EXERCISE DESCRIPTION :: Transcribe nothing but the lines from the one with "Chat with Teachet, the" to the end of the entries, both included, keeping each exact and leaving every picture out.
═════ RECORDS FOR THE TASK
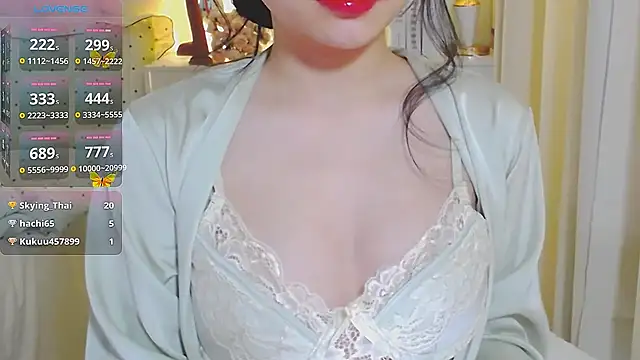 NGOCHA 06 online show from 03/20/26, 04:24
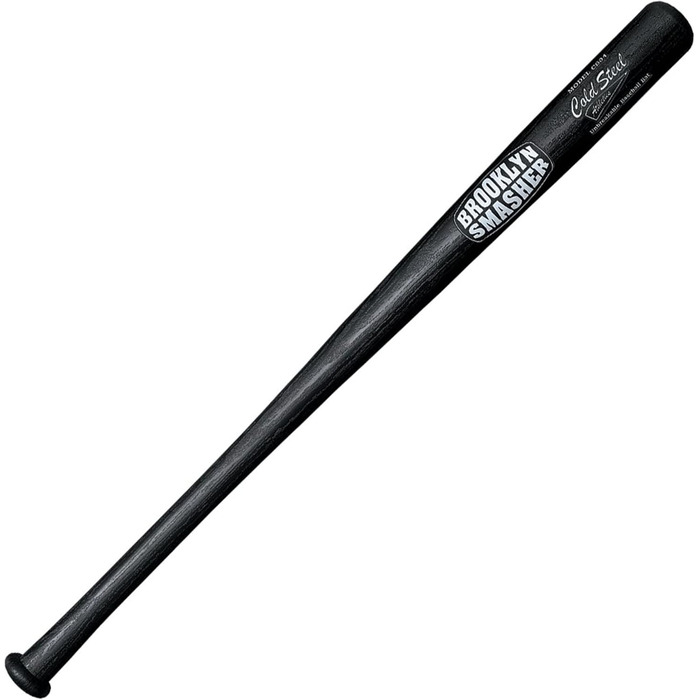 Бита Cold Steel Basher 61 см/567 г для самооборони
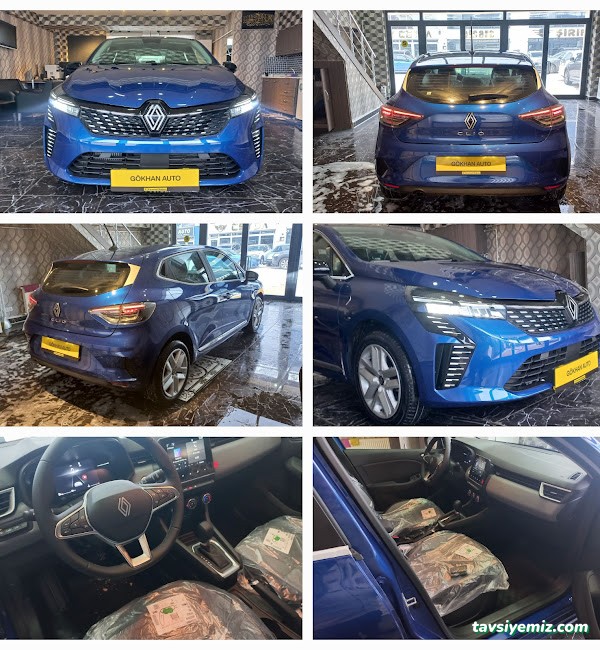 Gökhan Auto Erzurum Gökhan Auto Erzurum
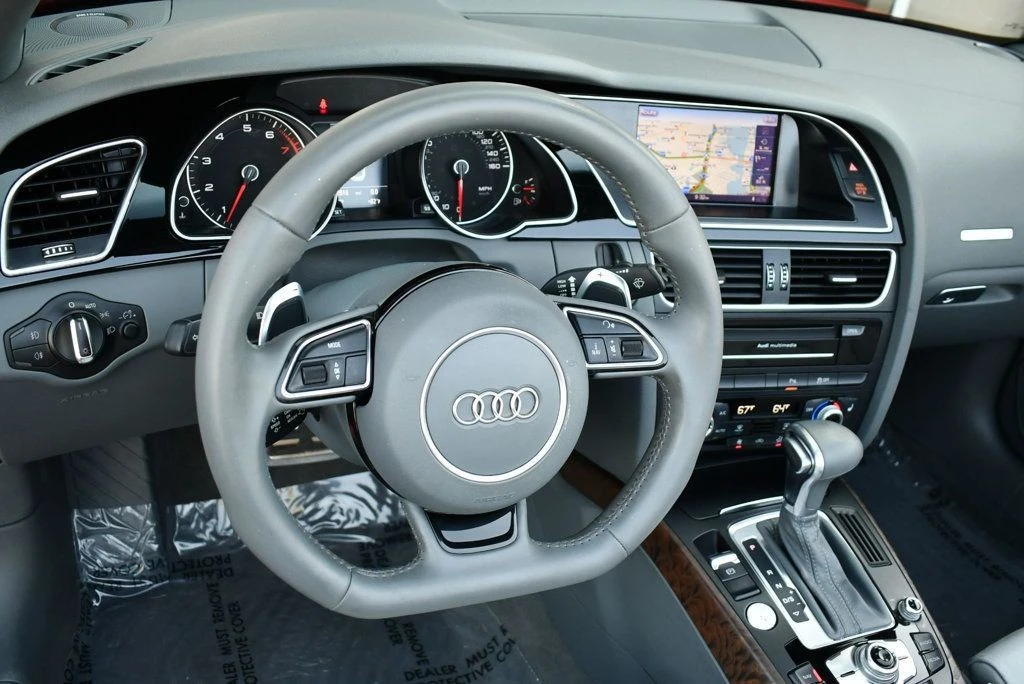 2017 Audi B9 A5 - Image 12 of 12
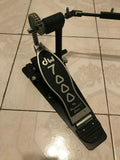 DW 7000 Series DOUBLE  Bass Drum Pedal
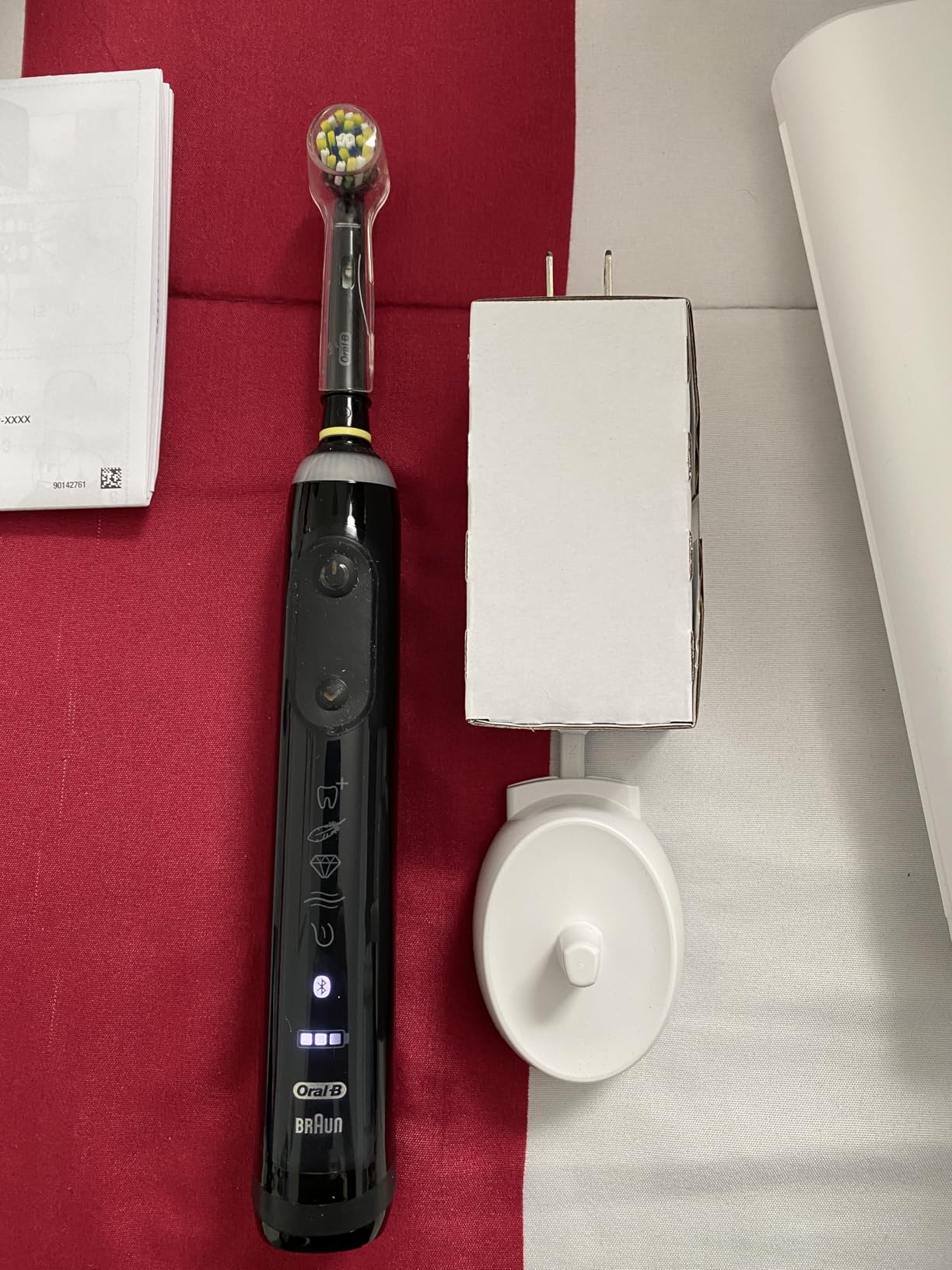 Oral-B Genius X customer photo 2
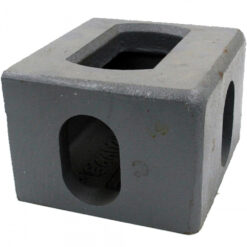 ISO  Corner Casting - Bottom Right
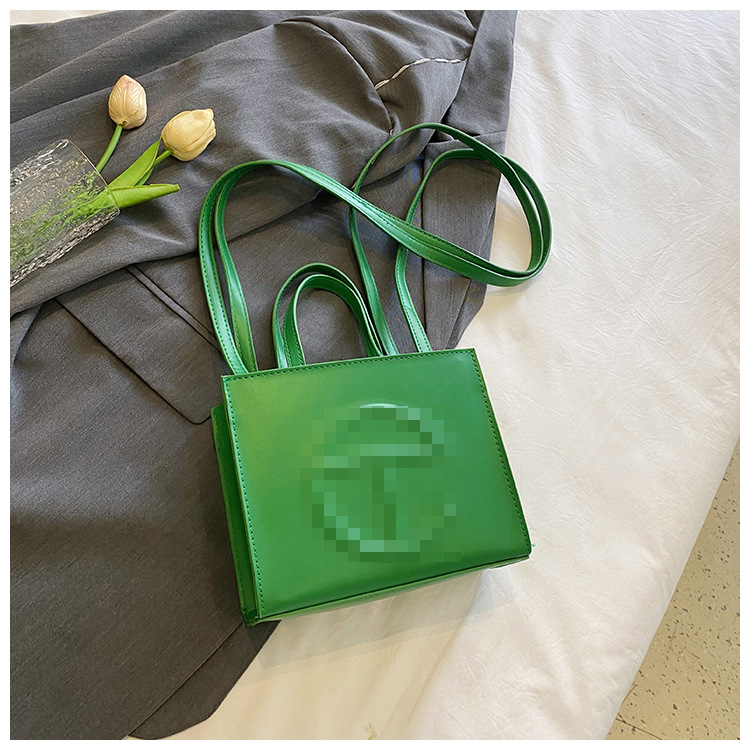 Nuevo bolso coreano comercio exterior transfronterizo popular bolso de mujer de todo fósforo bolso de mensajero de un solo hombro bolso especial bolso de mujer de cercanías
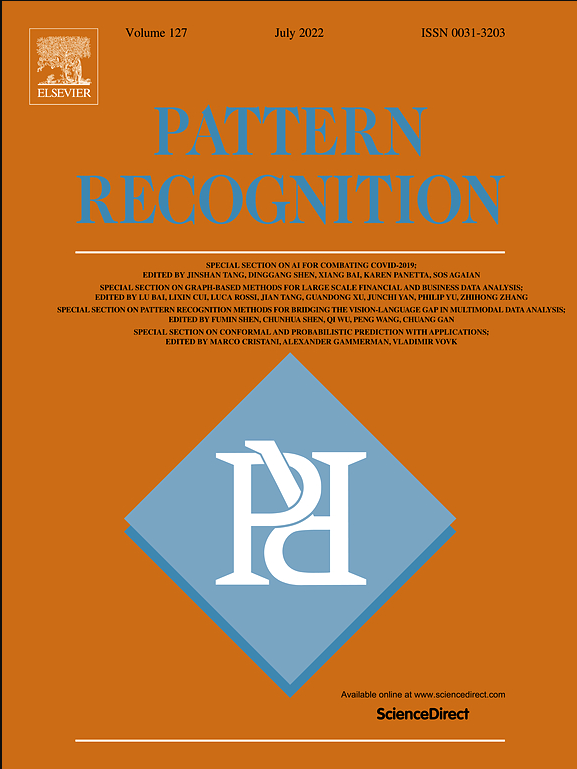 Pattern Recognition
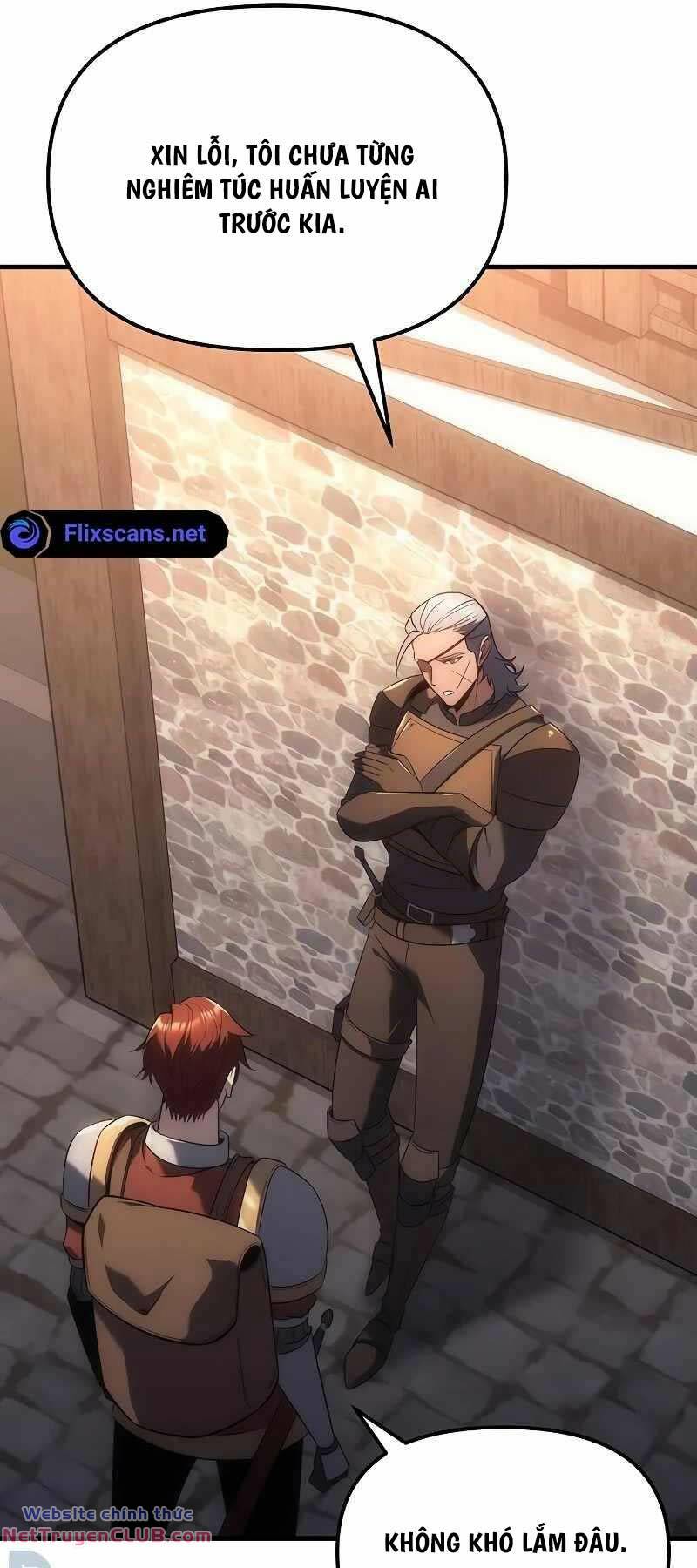 Hồi Quy Giả Của Gia Tộc Suy Vong - Chapter 7 - Page 27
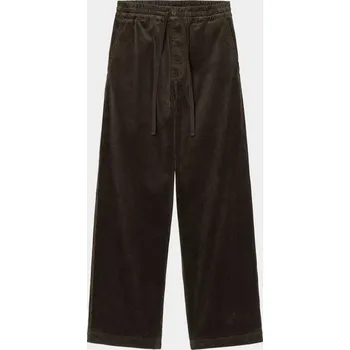 Pánské kalhoty Carhartt WIP Floyde (tobacco/rinsed) S, hnědá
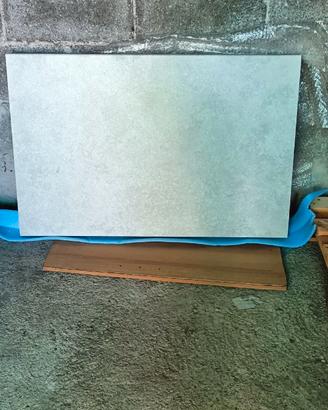 Top lavabo bagno
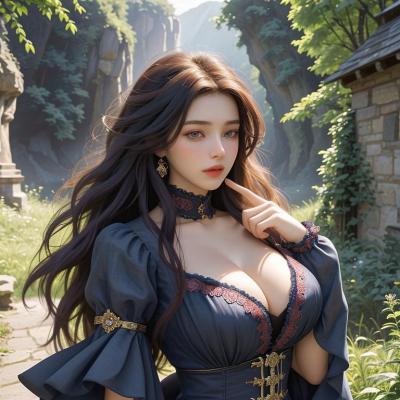 Chat with Teachet, the  character AI chatbot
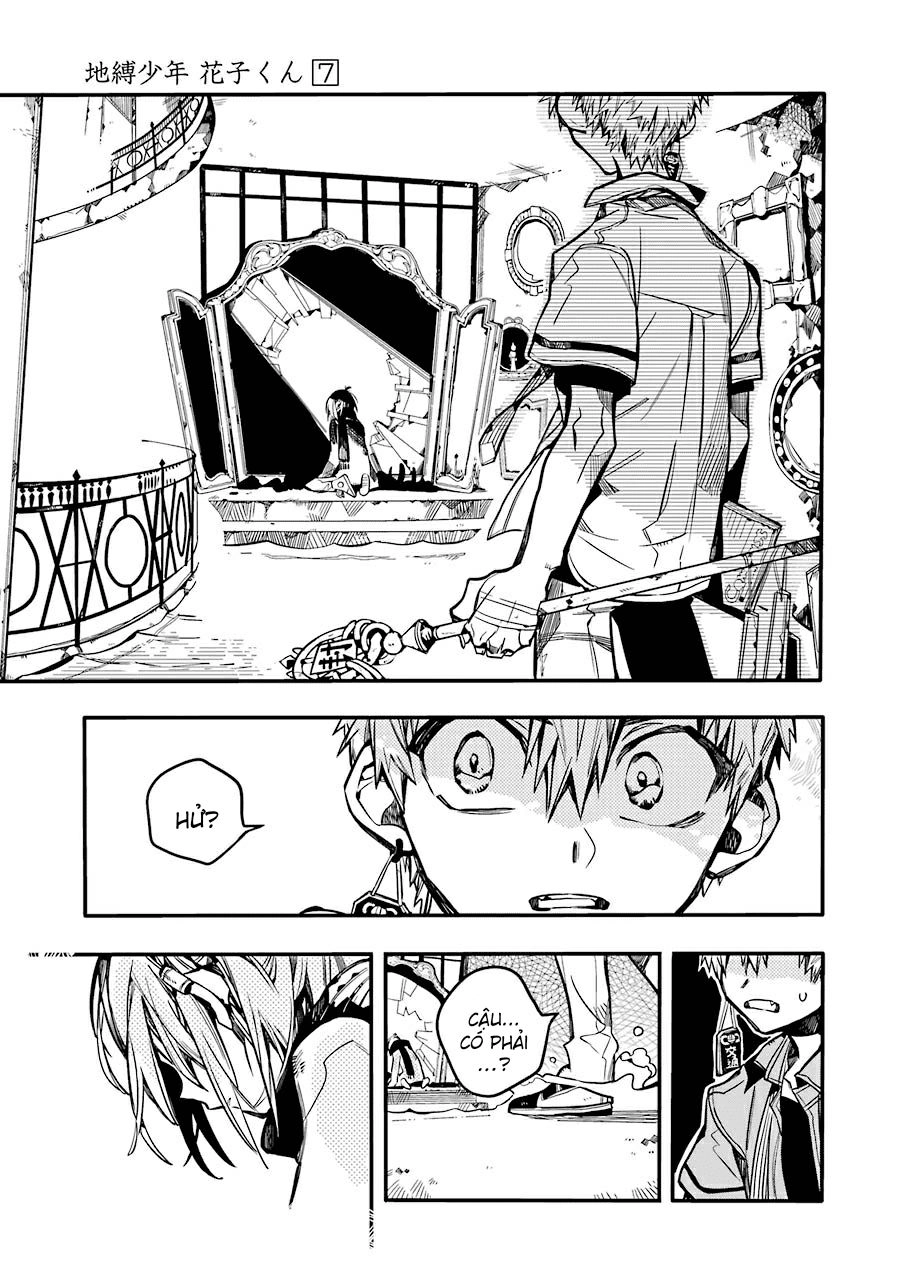 Hanako-Kun Nhà Xí Chapter 33 - 31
══════════
TASK SOLUTION ::
 Chat with Teachet, the  character AI chatbot
 Hanako-Kun Nhà Xí Chapter 33 - 31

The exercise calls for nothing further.